Beneath faded spotlights, Thor Harris gently strokes a dong. His beating causes an almost erosive ambience. Minutes and minutes and minutes go by. The climate is still.

example (crüt), Saturday, 20 June 2015 02:53 (eleven years ago)

"he cracks another chesty cackle"

totally my stripper name...

scott seward, Saturday, 20 June 2015 03:04 (eleven years ago)

I interviewed Dylan Carlson last year and he didn't sound at all phlegmy to me.

wronger than 100 geir posts (MacDara), Saturday, 20 June 2015 15:45 (eleven years ago)

It was a revolution of the solar cycle ago when Dylan Carlson and this writer exchanged passionate thrusts of verbosity. No rheumy eruptions could be detected from where I resided, like all hominid creation, in a prison of flesh.

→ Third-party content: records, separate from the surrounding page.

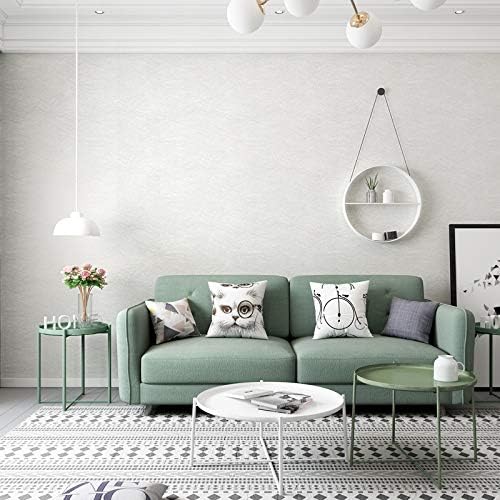 Cohoo Home White Wallpaper Peel and Stick Contact Paper White Silk15.7×197” - Image 2
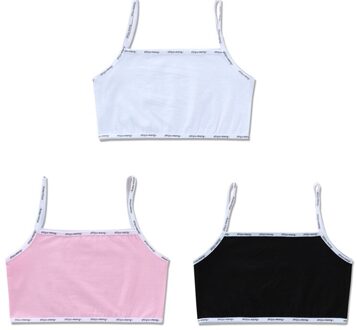 3 Stk/partij Kids Ondergoed Model 100% Katoen Meisjes Tank Top Candy Kleur Hemd Meisjes Vest 8-14years Baiheifen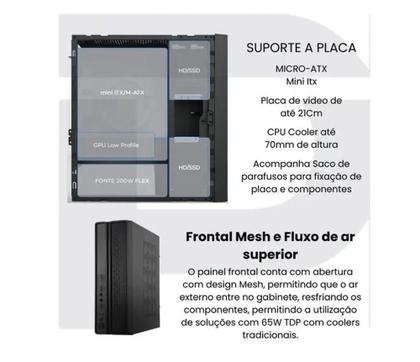 Imagem de Gabinete Slim com Fonte 200W Bluecase BG2002  Compacto, Versátil e Pronto para o Desempenho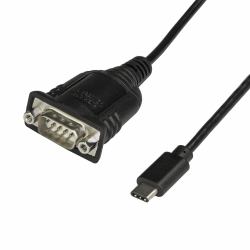 StarTech.com USB-C auf Seriell Adapter mit COM Port-Verriegelung - 40 cm USB Typ-C auf RS232-[DB9]-Seriell-Konverterkabel - Für SPS, Scanner, Drucker - Windows/Mac/Linux (USB C TO SERIAL ADAPTER W...
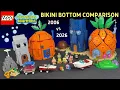 COMPARISON LEGO SpongeBob BIKINI BOTTOM 2006 vs 2026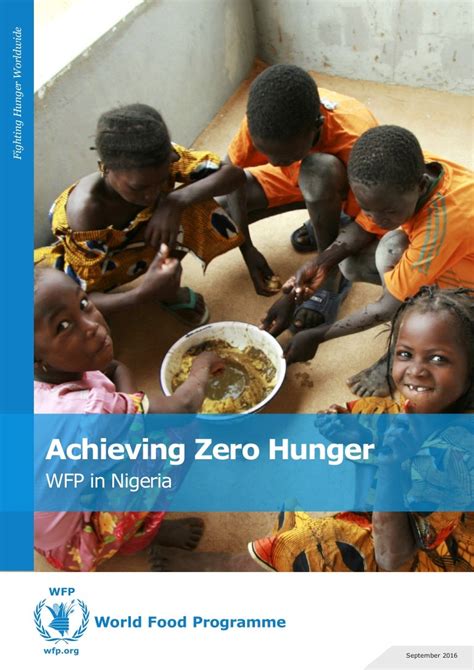 Achieving Zero Hunger Wfp In Nigeria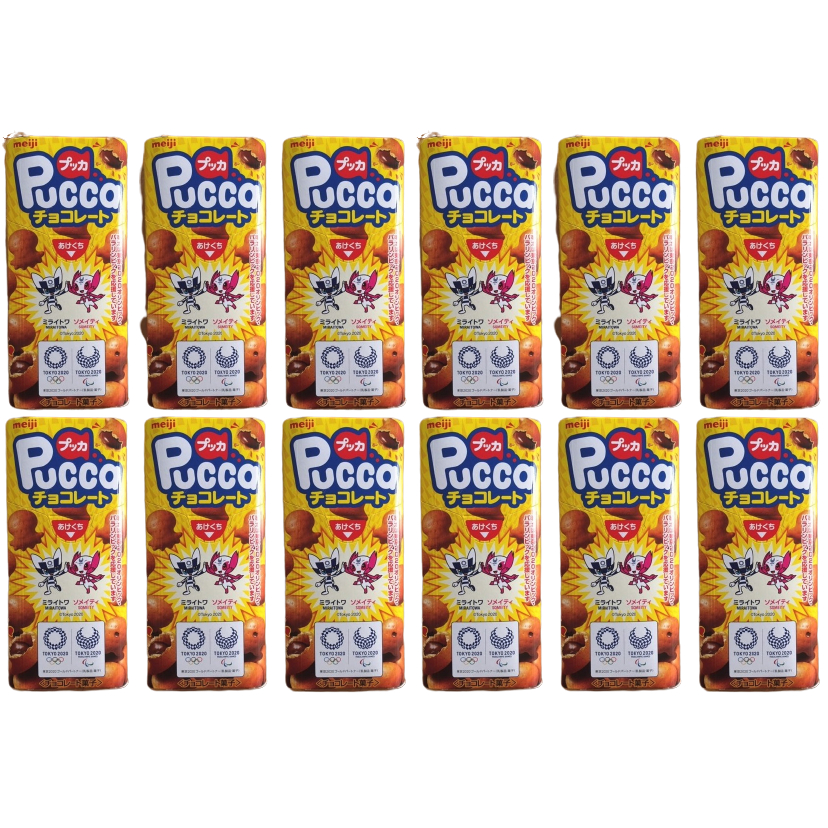 ใหม่! Meiji Pucca ขนมครีมช็อกโกแลต 6 แพ็ก ส่งตรงจากญี่ปุ่น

hardcore dilettante, Saturday, 20 June 2015 17:58 (eleven years ago)

Think he's nailed Fucked Up here. Nothing else need be written about them.

Despite his premature death clock ticking, Abraham and his band of matured Lost Boys are forever scrutinising their ageing subculture. Unlike 2011’s flagrantly ceremonious rock-opera David Comes to Life, their newly released Glass Boys is a disciplined ten-track study of combating age and the music industry. It’s a record of genuine purity, stripped of its predecessor’s conceptual guises. “This record is like all of us giving the best version of what we’ve ever done,” Abraham raves doubtlessly.

Unsettled defender (ithappens), Sunday, 21 June 2015 19:28 (eleven years ago)

Flagrantly ceremonious!
Premature death clock ticking!
Matured lost boys!
Genuine purity!

They read like bad Titus Andronicus lyrics.

Unsettled defender (ithappens), Sunday, 21 June 2015 19:28 (eleven years ago)

shades of eye of argon

difficult listening hour, Monday, 22 June 2015 06:46 (eleven years ago)

"Abraham raves doubtlessly"

I'm glad the AI that wrote the fake newspaper articles in Sim City 2000 is still around and has moved on to music criticism, really missed that guy

undergraduate dance (a passing spacecadet), Monday, 22 June 2015 09:08 (eleven years ago)

in fact, thank you stranger for my new display name

Abraham raves doubtlessly (a passing spacecadet), Monday, 22 June 2015 09:09 (eleven years ago)

Dammit, you beat me to it

Continue your brooding monologue (Re-Make/Re-Model), Monday, 22 June 2015 09:14 (eleven years ago)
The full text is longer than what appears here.